Anyone know where in GTA I can buy them? I asked NAFB already they said they could get it in for me. I don't know their price, so i am not sure if it's cheaper to order online from the states, forbid I get slapped with the brokerage fee tho.


----------



## talon (May 7, 2009)

GoReef in Quebec
http://www.goreef.com/AquaIllumination-LED-Fixture/


----------



## Hoyuen (Jun 23, 2011)

I've tried to tally the total (including tax + shipping) the cost of goreef and it comes to $450, And NAFB said they would get it for me at $399 + tax so they come up to around the same.

If I order it from the aquarium specialty I could get it for $380 thats including shipping.


Which should I order from?


----------



## ameekplec. (May 1, 2008)

Send Mathieu at GoReef an email and see what he can do for you about the price


----------



## Hoyuen (Jun 23, 2011)

i doubt he'd let me get it tax free. it's already free shipping  The sad part is even without tax the original price is still higher than what i would pay by ordering from the states plus shipping.
If I could get it tax free I'd definitely support the more "local" store


----------



## Hoyuen (Jun 23, 2011)

I read somewhere that there's a price drop on the ai nano VERY soon. just one month after the release. good thing i didn't drop the hammer today.


----------



## fury165 (Aug 21, 2010)

Hoyuen said:


> I read somewhere that there's a price drop on the ai nano VERY soon. just one month after the release. good thing i didn't drop the hammer today.


Same here...SOLs dropping in price too, so I'm cancelling my preorder with Goreef until the price drop.


----------



## ameekplec. (May 1, 2008)

http://reefbuilders.com/2011/09/09/ai-nano-led-coming-warm-white-price-drop/


----------



## Hoyuen (Jun 23, 2011)

at the bottom of the page. someone by the name of saltsupply reply they are already on the price cut. visited their facebook, and went to their website saltysupply.com

needless to say price is already reduced.
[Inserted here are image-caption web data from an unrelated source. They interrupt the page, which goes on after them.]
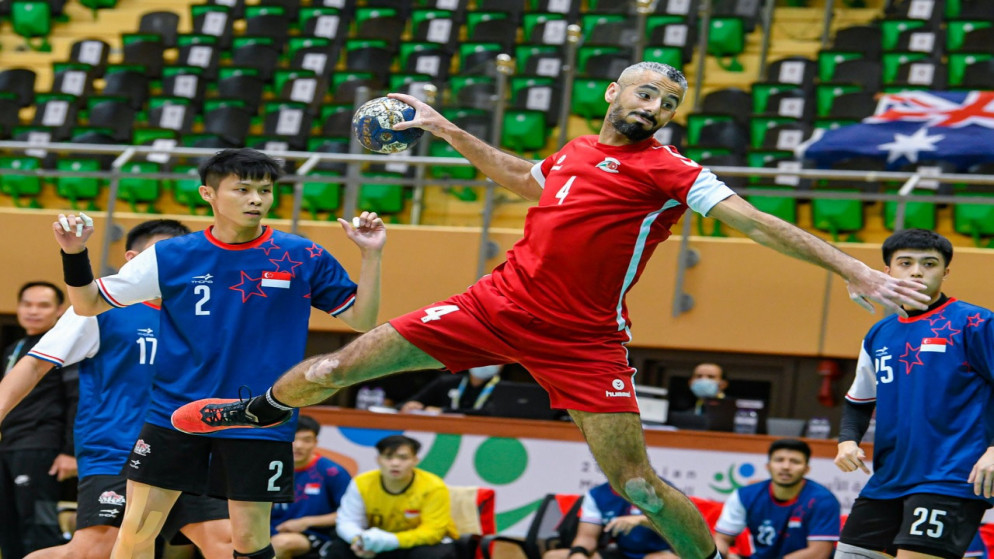 جانب من مباراة المنتخب الوطني لكرة اليد أمام المنتخب السنغافوري. (اللجنة الأولمبية الأردنية)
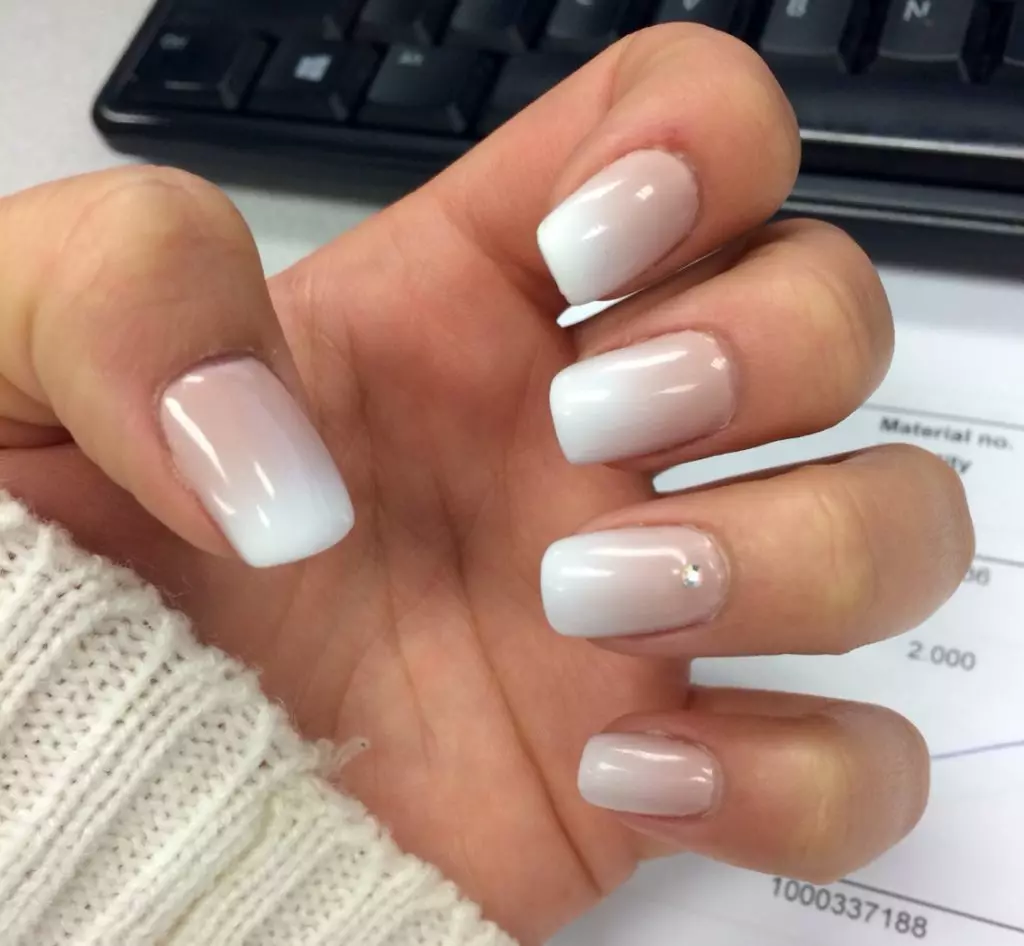 Manicure branco com strass (47 fotos): Projeto de unhas com verniz com a adição de pedras 24360_43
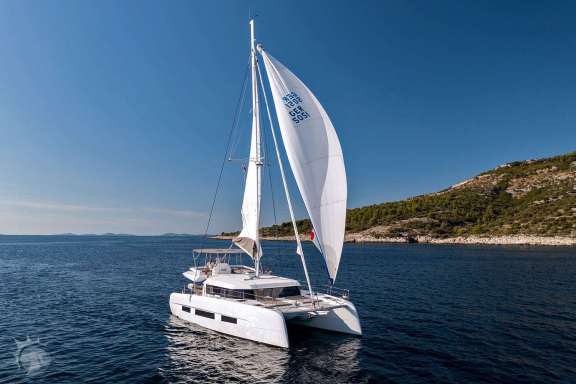 Image of WALK’N ON SUNSHINE yacht #2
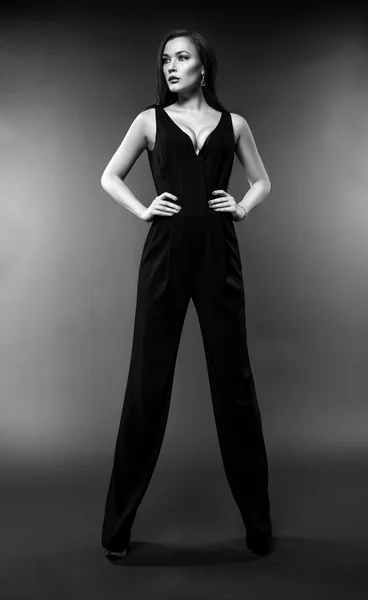 Мода модели в черном комбинезоне — стоковое фото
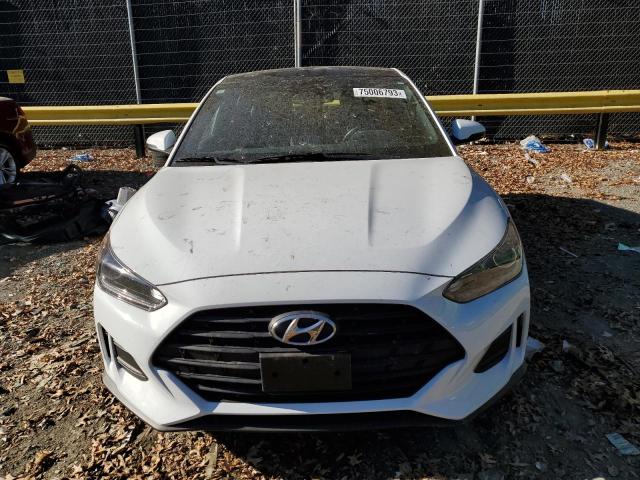 Photo 4 VIN: KMHTG6AF3LU020928 - HYUNDAI VELOSTER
With coupon code it comes to around $284 + shipping. Anyone had experience ordering from them? Should I pull the trigger?


----------



## ameekplec. (May 1, 2008)

I'm telling you guys - it's worth a shout to see if the retailers here can match American prices. I've had it time and time again when retailers have met or even BEAT US prices - and that was even in a time when CAD wasn't above par.


----------



## carmenh (Dec 20, 2009)

+1, I've found that most things can be had locally at comparable prices if you ask. Remember, too, retailers pay steep fees for credit and debit card transactions. If you have cash in hand, they can figure that into the price...



ameekplec. said:


> I'm telling you guys - it's worth a shout to see if the retailers here can match American prices. I've had it time and time again when retailers have met or even BEAT US prices - and that was even in a time when CAD wasn't above par.


----------